Sunnah is believed to have been caught in a rip current near the town’s main pier, leading to her unfortunate demise, the BBC reported.
Another teenager, Joe Abbess, 17, from Southampton, also lost his life in the incident on May 31, and eight others sustained injuries.
Williams expressed that the past three months had been incredibly difficult, describing the experience as “horrendous.”
She conveyed the heart-wrenching feeling of seeing her child in such a condition and how it has been a challenging ordeal for her family.
Reflecting on that fateful day, she vividly recalled it as a seemingly normal and pleasant day.

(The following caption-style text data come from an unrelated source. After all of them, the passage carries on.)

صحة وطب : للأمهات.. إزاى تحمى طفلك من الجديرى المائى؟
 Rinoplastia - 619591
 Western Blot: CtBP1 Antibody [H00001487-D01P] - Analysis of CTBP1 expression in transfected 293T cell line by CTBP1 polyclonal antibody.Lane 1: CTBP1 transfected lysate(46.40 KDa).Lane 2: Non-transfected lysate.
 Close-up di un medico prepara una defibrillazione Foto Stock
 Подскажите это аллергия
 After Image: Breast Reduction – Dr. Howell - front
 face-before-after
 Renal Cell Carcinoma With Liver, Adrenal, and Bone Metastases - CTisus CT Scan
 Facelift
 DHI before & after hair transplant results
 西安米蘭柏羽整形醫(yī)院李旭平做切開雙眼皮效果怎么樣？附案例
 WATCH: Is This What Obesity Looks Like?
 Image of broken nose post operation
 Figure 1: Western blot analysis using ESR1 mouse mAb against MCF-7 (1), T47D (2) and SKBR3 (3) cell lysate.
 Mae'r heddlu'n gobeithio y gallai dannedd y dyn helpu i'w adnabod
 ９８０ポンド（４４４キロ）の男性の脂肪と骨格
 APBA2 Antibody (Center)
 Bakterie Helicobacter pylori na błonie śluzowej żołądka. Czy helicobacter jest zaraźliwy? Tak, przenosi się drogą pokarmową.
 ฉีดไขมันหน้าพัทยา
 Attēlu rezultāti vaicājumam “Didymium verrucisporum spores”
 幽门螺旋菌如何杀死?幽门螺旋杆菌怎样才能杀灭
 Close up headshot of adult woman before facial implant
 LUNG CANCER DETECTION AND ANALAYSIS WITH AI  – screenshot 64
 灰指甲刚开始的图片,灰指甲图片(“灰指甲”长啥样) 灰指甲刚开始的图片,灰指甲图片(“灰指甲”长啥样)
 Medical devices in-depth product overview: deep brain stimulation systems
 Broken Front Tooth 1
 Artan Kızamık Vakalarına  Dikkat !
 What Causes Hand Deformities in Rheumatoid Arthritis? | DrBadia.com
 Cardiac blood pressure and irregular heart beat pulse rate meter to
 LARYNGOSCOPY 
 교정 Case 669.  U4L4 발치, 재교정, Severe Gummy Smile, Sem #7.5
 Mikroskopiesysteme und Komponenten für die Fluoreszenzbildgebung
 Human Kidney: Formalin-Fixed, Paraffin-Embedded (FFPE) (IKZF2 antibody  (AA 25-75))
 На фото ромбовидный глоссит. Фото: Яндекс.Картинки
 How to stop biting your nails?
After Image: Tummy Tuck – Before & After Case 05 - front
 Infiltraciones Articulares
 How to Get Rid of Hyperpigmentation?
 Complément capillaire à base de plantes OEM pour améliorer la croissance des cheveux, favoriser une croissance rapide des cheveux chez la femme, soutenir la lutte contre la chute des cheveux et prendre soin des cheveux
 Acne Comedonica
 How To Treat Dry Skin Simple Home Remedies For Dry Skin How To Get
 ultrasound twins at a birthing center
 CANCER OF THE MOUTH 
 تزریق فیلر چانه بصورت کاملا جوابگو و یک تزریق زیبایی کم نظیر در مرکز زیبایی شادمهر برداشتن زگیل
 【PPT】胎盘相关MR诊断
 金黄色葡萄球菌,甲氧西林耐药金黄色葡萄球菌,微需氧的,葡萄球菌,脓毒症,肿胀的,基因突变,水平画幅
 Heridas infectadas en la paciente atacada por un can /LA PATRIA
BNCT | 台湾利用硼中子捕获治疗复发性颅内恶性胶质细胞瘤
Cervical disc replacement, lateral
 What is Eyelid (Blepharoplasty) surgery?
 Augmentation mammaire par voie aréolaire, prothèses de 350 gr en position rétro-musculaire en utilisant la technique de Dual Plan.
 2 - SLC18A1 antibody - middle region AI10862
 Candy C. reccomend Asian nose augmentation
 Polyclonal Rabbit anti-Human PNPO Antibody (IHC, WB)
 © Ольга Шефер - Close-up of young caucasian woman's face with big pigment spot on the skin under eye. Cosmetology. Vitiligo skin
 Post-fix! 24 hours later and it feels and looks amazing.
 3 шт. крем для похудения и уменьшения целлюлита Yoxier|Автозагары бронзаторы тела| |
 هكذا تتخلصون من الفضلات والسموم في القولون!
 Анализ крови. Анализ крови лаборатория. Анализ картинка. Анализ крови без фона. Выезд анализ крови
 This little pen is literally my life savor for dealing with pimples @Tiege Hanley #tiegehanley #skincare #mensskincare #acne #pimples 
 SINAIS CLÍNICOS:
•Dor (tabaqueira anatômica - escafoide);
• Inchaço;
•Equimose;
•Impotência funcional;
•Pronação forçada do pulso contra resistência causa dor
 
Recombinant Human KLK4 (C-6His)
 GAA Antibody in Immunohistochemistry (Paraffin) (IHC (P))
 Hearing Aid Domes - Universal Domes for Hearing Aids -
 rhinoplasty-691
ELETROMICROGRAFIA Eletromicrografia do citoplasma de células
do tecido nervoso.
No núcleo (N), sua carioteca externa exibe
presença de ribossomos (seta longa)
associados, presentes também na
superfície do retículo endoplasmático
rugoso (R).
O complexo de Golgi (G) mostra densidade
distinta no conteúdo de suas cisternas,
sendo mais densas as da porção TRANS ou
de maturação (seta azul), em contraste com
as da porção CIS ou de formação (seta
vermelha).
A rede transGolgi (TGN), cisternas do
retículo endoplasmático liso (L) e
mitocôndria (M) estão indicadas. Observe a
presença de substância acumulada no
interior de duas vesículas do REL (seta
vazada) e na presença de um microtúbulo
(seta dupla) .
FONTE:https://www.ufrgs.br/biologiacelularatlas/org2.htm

Sunnah, along with her brother and another sister, had gone to the beach while her youngest daughter was at home with chickenpox.
Williams received pictures from her son at the beach but hadn’t suspected anything amiss. However, her day took a devastating turn when she received a phone call from someone informing her of the tragic incident.
Williams expressed that her family is still grappling with the loss of Sunnah, likening the feeling to the panic parents experience when momentarily losing sight of their child in a crowded place.
She shared that each of her children is coping differently, with her son experiencing added trauma as he was also in distress in the water, and her middle daughter struggling with the loss of her sister, who she had shared a room with.
Regarding the youngest daughter, aged five, Williams mentioned that she doesn’t fully comprehend the situation. She emphasised that her family’s grief has torn them apart, and they all deeply miss Sunnah.
Williams pointed out that when she and her husband returned to the beach a few weeks ago, they were alarmed by the sight of young children swimming far from shore without adult supervision and the absence of signs warning of the dangers.
Consequently, she contacted Bournemouth, Christchurch, and Poole Council (BCP) to express concerns about the lack of water safety signage on the beach.
She emphasised the need for better education on water safety, citing Sunnah’s case where she was only in water up to her chest, which did not appear deep, yet it proved fatal.
She stressed that such life-saving information is not adequately taught in schools, even though children are taught to swim.
In response, BCP said that they have taken a coordinated multi-agency approach and implemented immediate actions since the incident in May.
They have collaborated with Royal National Lifeboat Institution (RNLI) to determine lifeguard cover and increased safety messages over seafront tannoys. Additional banners and digital media near Bournemouth and Boscombe piers have been used to promote RNLI’s Float to Live campaign.
However, BCP acknowledged that despite their efforts, the sea carries inherent risks, and conditions can change rapidly, making the complete elimination of drowning risk impossible.